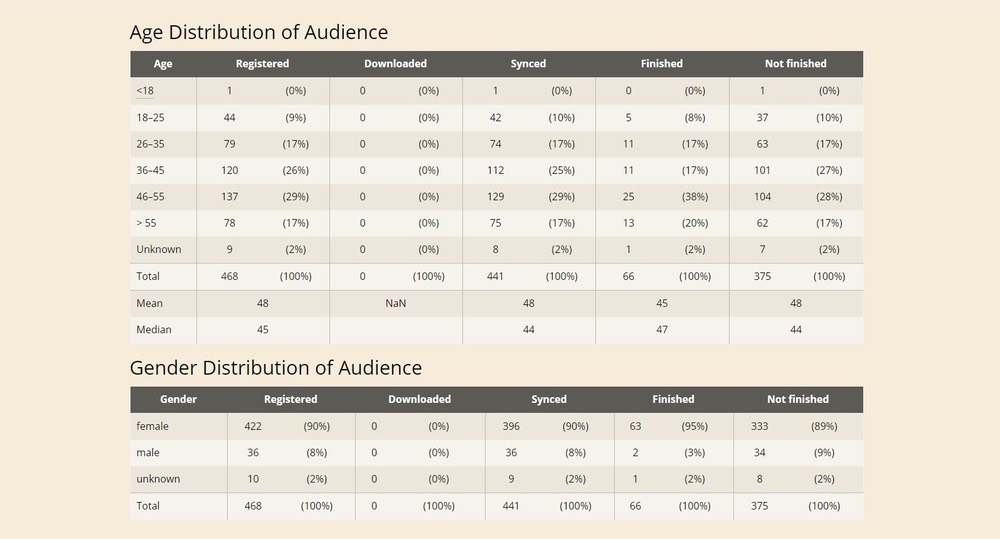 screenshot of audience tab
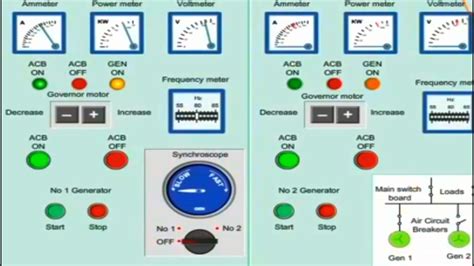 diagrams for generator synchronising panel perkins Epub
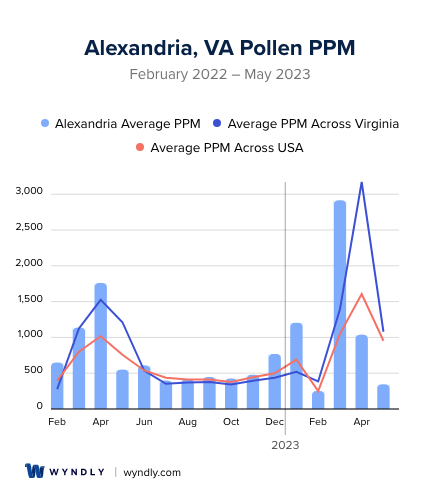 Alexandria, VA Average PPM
...
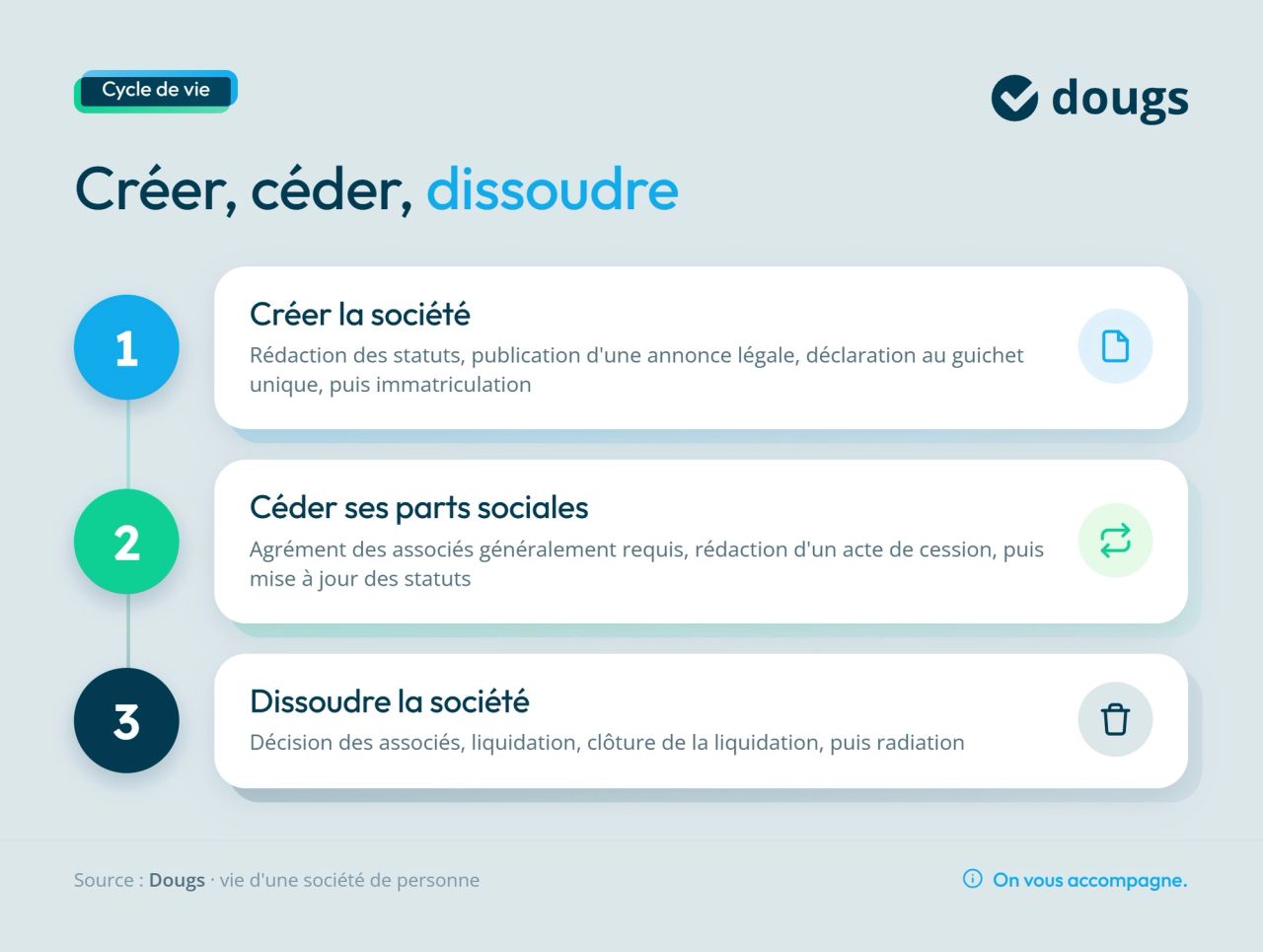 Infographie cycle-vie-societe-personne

• [Task]
Word for word, restate the lines above from the one with "screenshot of audience tab" through the one with "Alexandria, VA Average PPM", keeping both ends and dropping the pictures.

• [Output]
 screenshot of audience tab
 diagrams for generator synchronising panel perkins Epub
 Alexandria, VA Average PPM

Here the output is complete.